Dealing with toxic family members is undoubtedly messy. Although they may be connected by blood, if they’re finding ways to crush one’s happiness, the best way to deal with them is to sometimes step away. For Link (Philip Lewitski) and his young half-brother Trevor (Avery Winters-Anthony), the protagonists of the latest coming-of-age story Wildhood, they’re left with the option to run away from their abusive father even if they have little idea of where the final destination on their trip will be.
At that point, Wildhood becomes a completely different movie. After it opens on a discomforting note as it showcases scenes of physical neglect, once Link and Trevor escape, Wildhood gradually becomes a jauntier tale about self-enlightenment and finding one’s identity. Besides figuring out his sexual orientation, Link slowly goes on a journey towards being in touch with his Mi’kmaw roots as he pursues his longlost Indigenous mother. Helping Link on his holistic journey is Pasmay (Josh Odjick), a pow wow dancer who accompanies both him and Trevor on their road trip and becomes an object of Link’s affection.

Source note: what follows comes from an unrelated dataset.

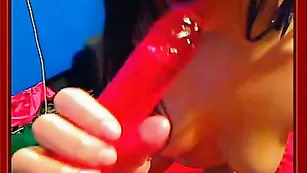 Пышногрудая Nelechka обнажается в привате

Due to the invisible wall he puts up between himself and everyone around him, Link struggles to verbally articulate his feelings for Pasmay. As his burgeoning feelings shine through in piercing gazes, Link still experiences indecision over how to navigate his newfound emotions. Lead actor Philip Lewitski does an exemplary job at mapping out Link’s simultaneous confusion and romantic yearning while Joshua Odjick is a force of steady resolve as Pasmay. Pasmay exudes a tender aura used to break down Link’s invisible wall that contradicts his outward masculine image. One pivotal scene where he does so involves Pasmay inviting Link to dance along with him so he can engage in spiritual relaxation.
Meanwhile, Michael Greyeyes leaves an indelible mark as Pasmay’s cool uncle Smokey whom all three encounter on their trip. Within the constraints of his short screen time, Greyeyes gives off waves of endearment that are in sync with the film’s largely buoyant mood.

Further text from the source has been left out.